A typical engine performs the following tasks:
Search engines store information about millions of web-pages. Few engines, such as Google, store entire or part of the search page [called caching], while others, like AltaVista, store every word. The pages are retrieved by a Web crawler [or spider]. Page contents are then analyzed for determining how to index. Indexing allows information to be instantly found.
When a user enters a query by typing keywords, the engine examines its index so that best-matching web pages can be listed. At present, there are no public engines that can search documents according to date. To refine a search, engines use “Boolean operators”, which are AND, OR and NOT. There are also natural language queries which allow the user to ask a question as one would ask to a human.

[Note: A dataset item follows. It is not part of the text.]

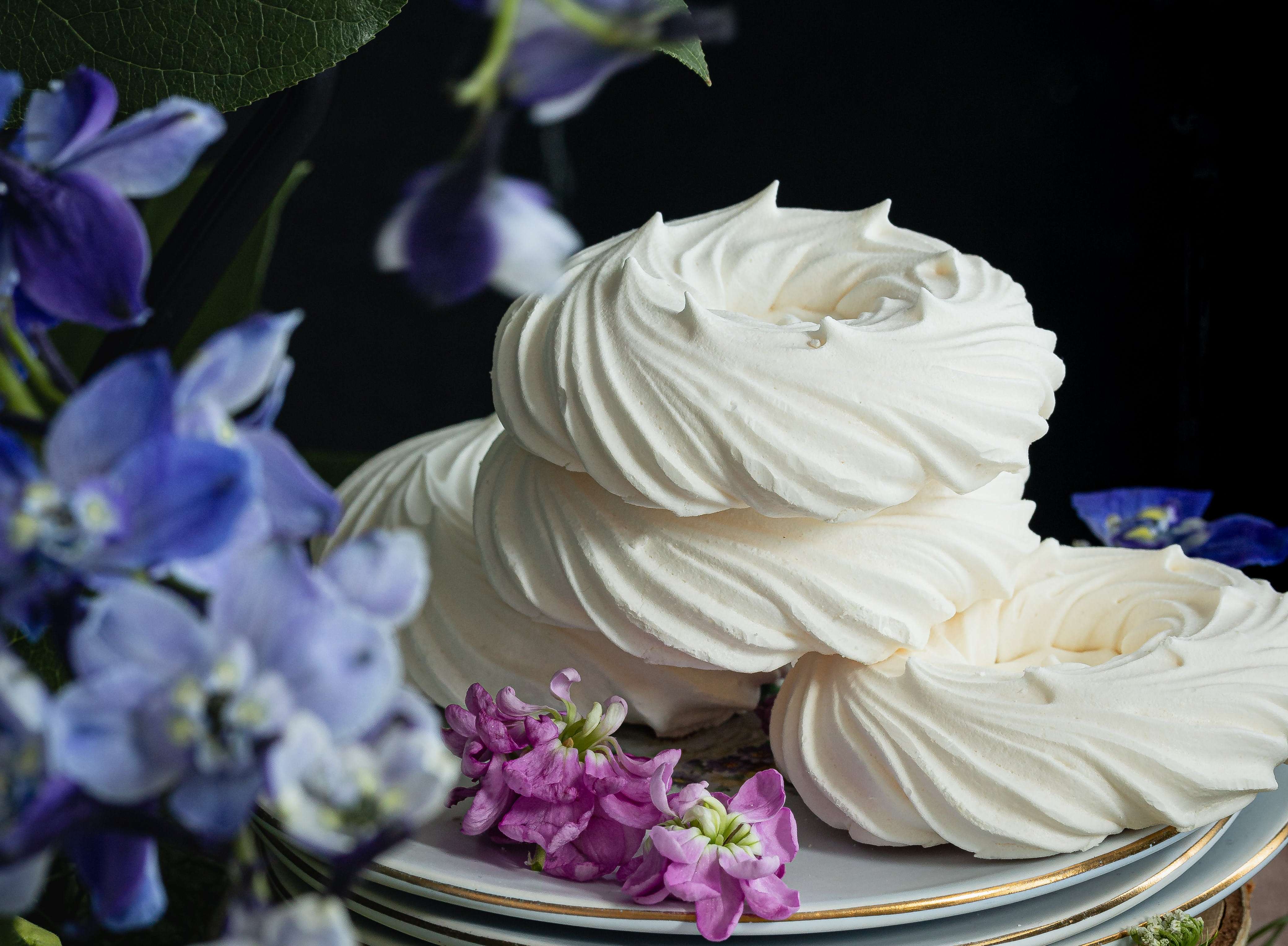 Десерт “Павлова“: рецепт воздушного пирожного со сливочным кремом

Relevance of results is a major factor in determining an engine’s performance. There are millions of pages which share a particular word; some of them may also be more relevant and credible than the others. Most engines use methods to rank the results so that more appropriate results are listed first. The techniques which these engines employ in listing results vary from engine to engine. Such techniques also change with time as new technology arrives.
Google, at present enjoys the lion’s share by capturing approximately 83% of the search engine market in May 2011. Yahoo follows the trail and holds a 6.5% market share as at the same date. Baidu, Bing, Ask and AOL come next with their respective shares of 5%, 4%, 0.52% and 0.36%. Google’s worldwide market share was at apex in April 2010, when the Google engine had gained 86.3% share.